Her hakiki Nur talebesi bilir ki, “iman, ibadet, ahlâk, ukubatta (cezai müeyyidelerde)” olduğu gibi, “Risale-i Nur sadece iman dersi değil, içtimai ders de verir.”1 ve siyasi ölçü ve stratejileri de belirler.
Dolayısıyla “mihengimiz” Risale-i Nur, şahs-ı manevi ve UM’tir. Ki, Bediüzzaman hiçbir şeyi, “Mihenge vurmadan almayınız.
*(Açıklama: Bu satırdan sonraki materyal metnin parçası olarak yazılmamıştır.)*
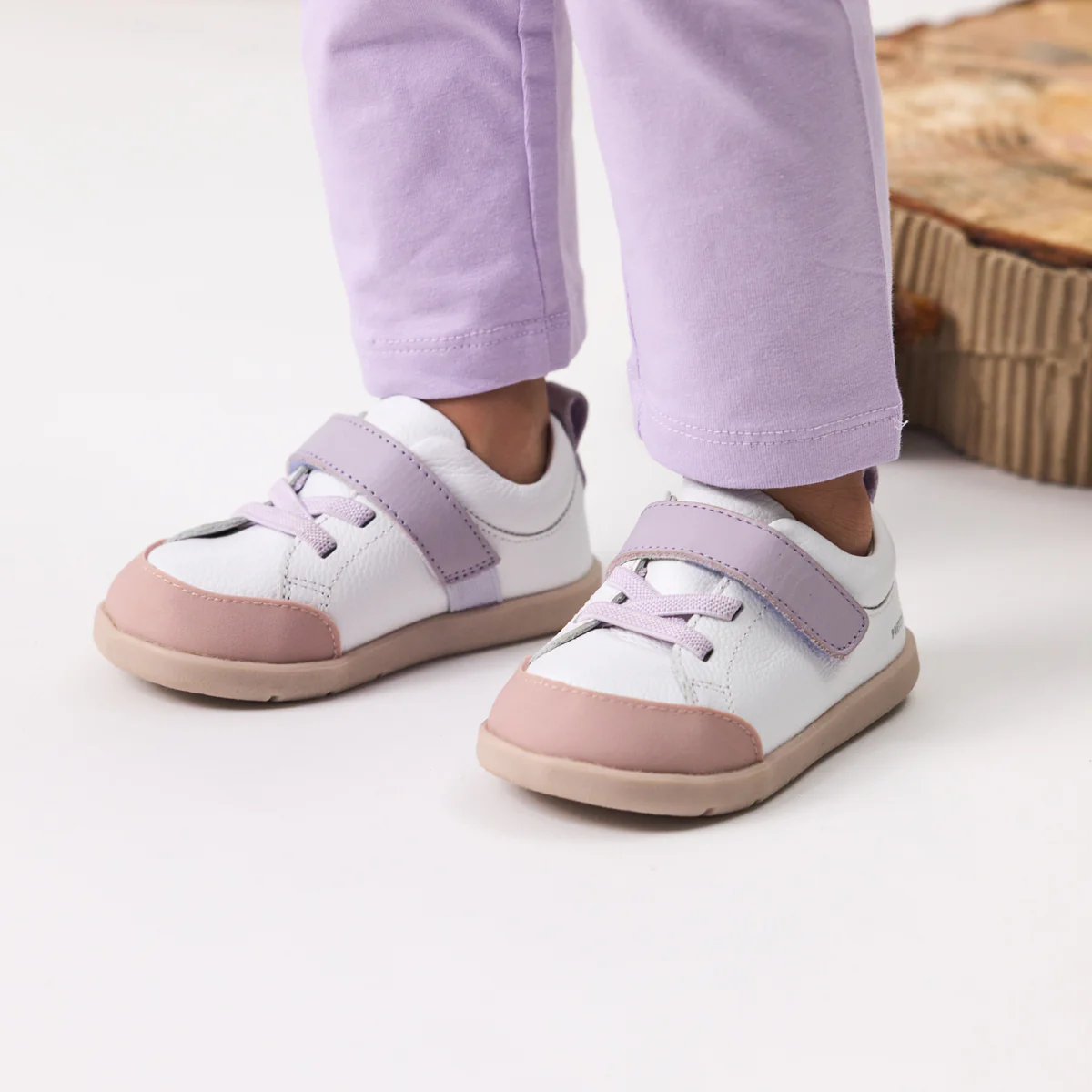 Boston White/Blush - Image 3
Zîra, çok silik söz, ticarette geziyor. Hatta, benim sözümü de ben söylediğim için hüsn-ü zan edip, tamamını kabul etmeyiniz; belki ben de müfsidim veya bilmediğim halde ifsad ediyorum…”2 der.
Bizim için birinci mihenk, Kur’an ve Sünnet-i Seniyye’nin bu zamandaki içtimai, siyasi ölçülerinde veren Risale-i Nur tefsiridir. Bu ölçü ve stratejiler Beyanat ve Tenvirler’de toplanmıştır. İkinci mihengimiz, “Şüphesiz bu zamanın bir âlimi” olan “şahs-ı mânevî”dir.3 ve onun meşveret kararlarıdır. Neden? Zira, “Eski zamanda değiliz. Eskiden hâkim bir şahs-ı vâhit idi… Şimdi ise, zaman cemaat zamanıdır. Hâkim, ruh-u cemaatten çıkmış, az mütehassis, sağırca, metin bir şahs-ı mânevîdir ki, şûrâlar o ruhu temsil eder.”4
Öte yandan, “Cüzde bulunmayan, küllde bulunur’ kaidesine binaen, her fertte bulunmayan bu gibi şartlar, heyette bulunur.”5 “Cemaatte olan kuvvet, fertte yoktur.”6 “Fert dahi de olsa, cemaatin şahs-ı manevisini karşı sivrisinek kadar kalır.”7 “Şahıs ne kadar güçlü ve dahi de olsa şahs-ı maneviye karşı mağlup düşebilir.”8 “Zaman, şahıs zamanı değil, şahs-ı mânevî zamanıdır. Risâle-i Nur’da sahıs yok, şahs-ı mânevî var…"9 “Meşveret-i şer’iye, sizi öyle şeylerden muhafaza eder. İçinizdeki şahs-ı manevinin fikrini, o meşveretle bildirir.”10 Dolayısıyla “Her meselemizde emir, Risâle-i Nûr’un şahs-ı mânevîsini temsil eden has şakirtlerin (talebelerin) ve sizlerindir. Benim de şimdi bir reyim var. Siz meşveret edin, ben kararınıza uyarım.”11 “Tesanüdümüzden hasıl olan bir şahs-ı manevînin fevkalade ehemmiyet ve kıymeti ve üstadlığı ve irşadı, bize kafidir. Risale-i Nur’un, talimatı dairesinde bize bahş ettiği feyizli makamlara kanaat etmeliyiz.”12 Ve şimdiye kadar da görüldü ki, “bir buz parçası olan şahsiyetini ve enaniyetini şahs-ı manevi, UM havuzuna atmayan erimiş, buharlaşmış, savrulmuş gitmiştir!
Dipnotlar:
1- Hizmet Rehberi, Enst./intr, s. 54.; 2-Münazarat, s. 48.; 3-Lem’alar, s. 71.; 4-Sünuhat, s. 51.; 5-bknz., İşaratü'l-İ'caz, s. 13.; 6-Age., s. 162.; 7-Sünuhat, s. 52.; 8-Emirdağ Lahikası, s. 120.; 9-Tarihçe-i Hayat s. 605.; 10-Emirdağ Lahikası, s. 73.; 11-Hizmet Rehberi, s. 175.; 12-Mektubat, s. 27.